Daisy in Chains(101)
Maggie walks past them, catching a scent of the chill night air, towards the back of the cellar. The smallest basement room appears to be a bathroom but the plumbing has been disconnected long ago. Turning on the taps would produce nothing but a few splutters of dank air. Any liquid poured into the Victorian-style roll-top bath would drain, not to waste pipes, but into a large, shallow tray that lies immediately beneath the plug. Several large buckets stand to one side.
The bath is spotless. So is the drain tray. So are the buckets.
By the side of the bath is a large plastic container of household bleach. More out of habit than because she knows it is necessary, Maggie opens it and pours it around the rim of the bath. Bleach is thick and it takes time to run down the enamel sides of the bath, gathering in the bottom, draining out into the tray. Slowly, the tray fills. She will empty it tomorrow, on the land at the bottom of her garden, because pouring that amount of bleach down the drain would be traceable.
The sudden banging makes her jump. Someone is upstairs, hammering on her back door. Knowing she has no choice now but to move with events, she makes her way up, expecting to see Pete. He will want to make sure she knows about the escape, that she is taking sensible precautions. He will think she needs to fear Wolfe. She sensed a new and unsettling coldness in him earlier, but Pete is a good man. He will no doubt offer, once again, to find a room for her at the Crown in Wells.
The very air seems to be thickening around her, making it harder to move freely. Every step she takes upstairs increases the heaviness in her chest. Is it possible, really, that she might never see Hamish again?

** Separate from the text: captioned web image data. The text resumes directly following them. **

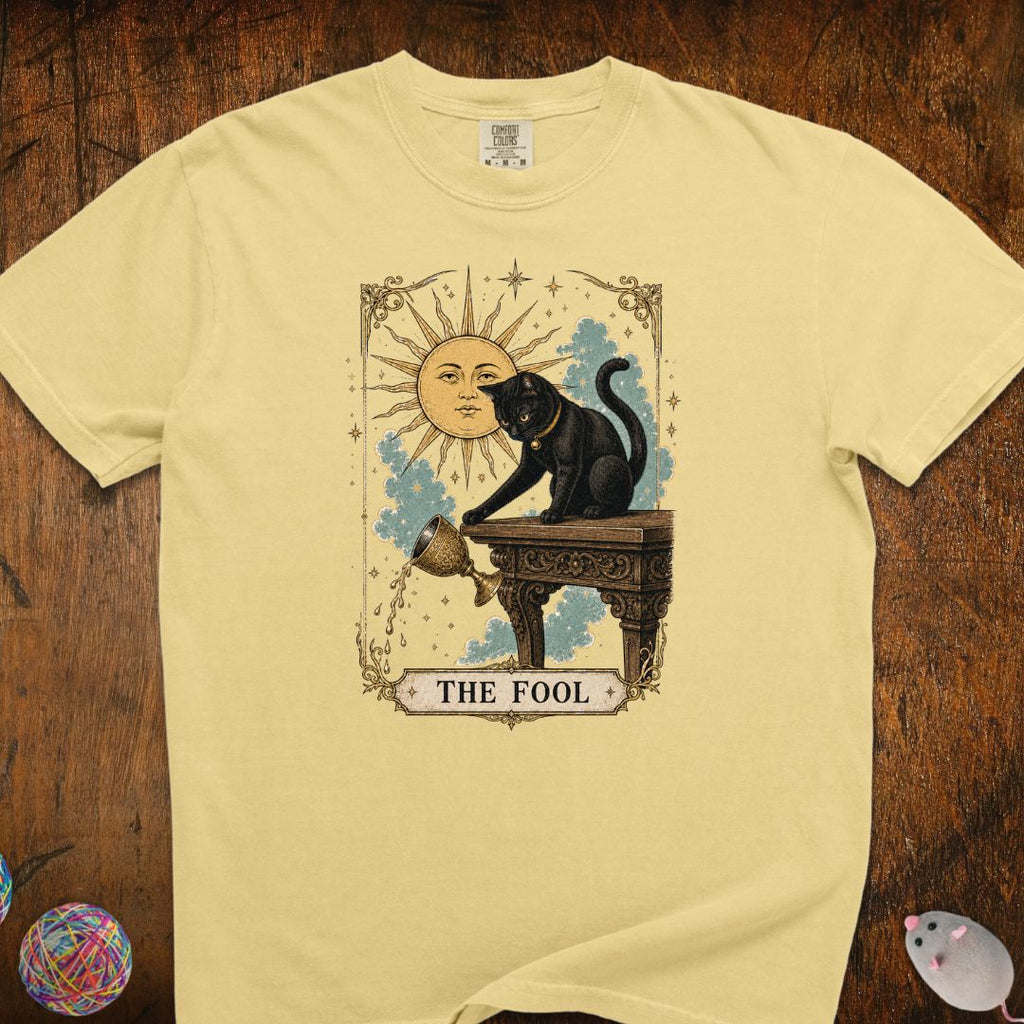 The Fool Cat T-Shirt
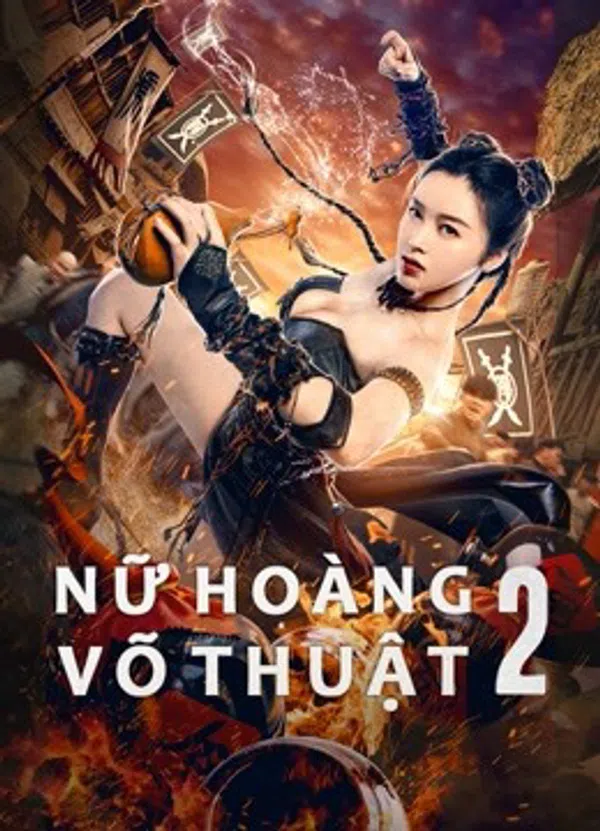 Poster phim Nữ Hoàng Võ Thuật 2 trên Xem Phim Fun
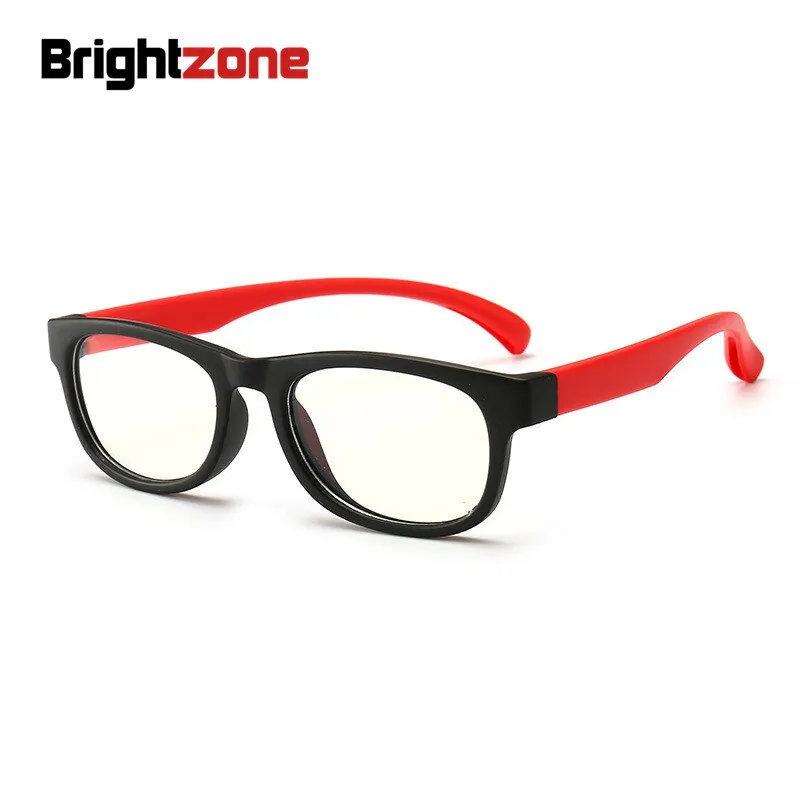 Brightzone Unisex Full Rim Tr 90 Titanium Round Eyeglasses  R885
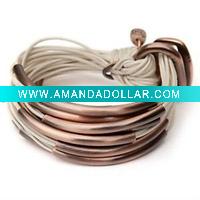 Wholesale Fashion Lady PU Leather Bracelets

Silently she opens the door to the back hallway. She has disconnected the security lights at the back of her house and can only see a dark silhouette through the glass of the door. She doesn’t think whoever is out there is tall enough to be Pete. Her heart leaps momentarily, but too small to be Pete is too small to be Hamish and it settles back down again. She unlocks the door and opens it.
Sirocco.
‘He’s out,’ Sirocco steps forward, as though Maggie will simply invite her in, take her coat and put the kettle on. ‘He’s escaped. Have you heard?’
Sirocco seems to be wearing even more loose, flowing clothing than usual. On her head, clamping down her unruly black hair, is a tight-fitting beanie-style cap. She looks dressed to travel and the sight sends another pang into Maggie’s heart.
There is some hope, though, in her being here. She isn’t with Hamish yet.
‘I saw it on the news,’ says Maggie, wondering how to take this forward. The last time she saw Sirocco she’d been afraid for her life. This isn’t the top of a Ferris wheel, though, here she is on home ground.
‘Read this.’ Sirocco has fumbled in her coat pocket and is holding out a sheet of pale blue paper. ‘Read this and tell me what it means.’
Maggie glances down and sees handwriting that she recognizes. Suddenly, the heaviness inside her seems more manageable. Her heart, that has been fighting to keep beating, picks up its pace.
‘Come in,’ she says, stepping back from the doorway. In the kitchen she will have room to move. In the kitchen there will be enough light. She will be able to see what’s coming.
‘There isn’t time. He’s on his way. You need to read it now.’ Agitated though she may be, Sirocco seems strangely reluctant to come any closer to Maggie. This time, it seems to be she who is afraid.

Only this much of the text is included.